Late-night phone call put reporter on gold medalist’s judo trail

It began with a late-night phone message I’d received in 1998 from a very proud Middletown mom.

Jeannie Yazel had left me a message on my phone at the Middletown Journal. She called to tell me that her 8-year-old daughter had just won a girls Junior Olympic judo competition in Florida.

I took down the information and Jeannie’s phone number on a small sheet of paper, and stuck it to my office bulletin board while I considered what to do with it. I knew nothing about the sport, and doubted that anyone else did as well. ‘Who would care?’ I thought.

But I wrote a tiny sports brief on her accomplishment. Through the years after that, I soon I found myself writing more articles about that little girl.

Well, as you may have seen on Tuesday, a lot of people now care about the sport of judo. That little girl grew up to be Olympic gold medalist Kayla Harrison.

Kayla has come a long way through her days as a shy little blonde-haired kid who was just trying to follow her mom’s footsteps at the Renshuden Judo Academy in Springboro, to her days as a world champion creating footsteps for others to follow.

Jeannie would call me from all over the country after Kayla would win a junior or national event.

Then, after the stunning news that her previous coach had been charged with sexual battery against Kayla, she began training at former Olympian Jimmy Pedro’s USA Judo National Team FORCE in Wakefield, Mass.

Harrison charged through the junior ranks and made a name for herself right away. Five junior division golds in 2003. Two more golds at the Pan American Infantile Championships and the Junior U.S. Open in 2004. Seven more gold medals in junior competitions in 2005 and five more gold medals the following year.

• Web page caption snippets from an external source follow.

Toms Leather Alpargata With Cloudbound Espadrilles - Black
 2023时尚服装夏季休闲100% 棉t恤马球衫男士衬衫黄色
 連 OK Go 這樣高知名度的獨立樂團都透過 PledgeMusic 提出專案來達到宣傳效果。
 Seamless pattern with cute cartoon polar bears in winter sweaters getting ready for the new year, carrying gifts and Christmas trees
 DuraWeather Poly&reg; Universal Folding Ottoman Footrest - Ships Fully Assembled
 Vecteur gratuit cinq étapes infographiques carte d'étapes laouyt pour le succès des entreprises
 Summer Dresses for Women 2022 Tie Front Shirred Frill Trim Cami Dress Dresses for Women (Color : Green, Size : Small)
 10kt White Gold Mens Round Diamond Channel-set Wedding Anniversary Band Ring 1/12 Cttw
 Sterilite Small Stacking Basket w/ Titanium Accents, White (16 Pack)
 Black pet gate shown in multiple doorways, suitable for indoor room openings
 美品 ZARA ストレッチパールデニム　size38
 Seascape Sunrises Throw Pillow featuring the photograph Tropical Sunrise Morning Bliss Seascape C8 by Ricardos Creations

In 2006, she won the Pan American junior title. Then just a week later, she stepped up a weight class and won the U.S. Senior national title. I think she won every junior event she competed in from 2005 to 2008. She’d earned junior national rankings in seven different weight classes since 2003.

Kayla, now bulked up with rigorous training in order to match up with the world’s best, went to the 2008 Beijing Olympic Games as a sparring partner for Ronda Rousey, who won bronze that year.

Kayla and I once did an interview while she was sitting in a remote Argentinian island airport. To save her phone bill, she and I both logged onto Facebook and used the chat window to do the entire interview.

She won the junior world championship in 2008 and was second in 2009.

In 2010, after she’d won the senior world championship in Tokyo, to take her place atop the world rankings, Kayla took time out from her international interviews to have a Skype session interview.

A few months before the London Olympic Games, Kayla was back home visiting her family. During one of her workouts at Middletown High School, she took time to show my son, Drew, some moves on the mat. She even let him flip her. (Drew now brags to his school buddies that he once flipped the Olympic gold medalist.)

On the day of her Olympic matches, and while dutifully wearing our “Team Kayla” shirts, Drew and I were up early in the morning to follow each match over the Internet as they transpired live.

Jeannie relayed text messages to me from London shortly after Kayla won the gold medal match. My family and all of Middletown have been celebrating ever since.

It’s been fun witnessing one young woman’s rise to the top since that late-night phone call from a proud mom 14 years ago.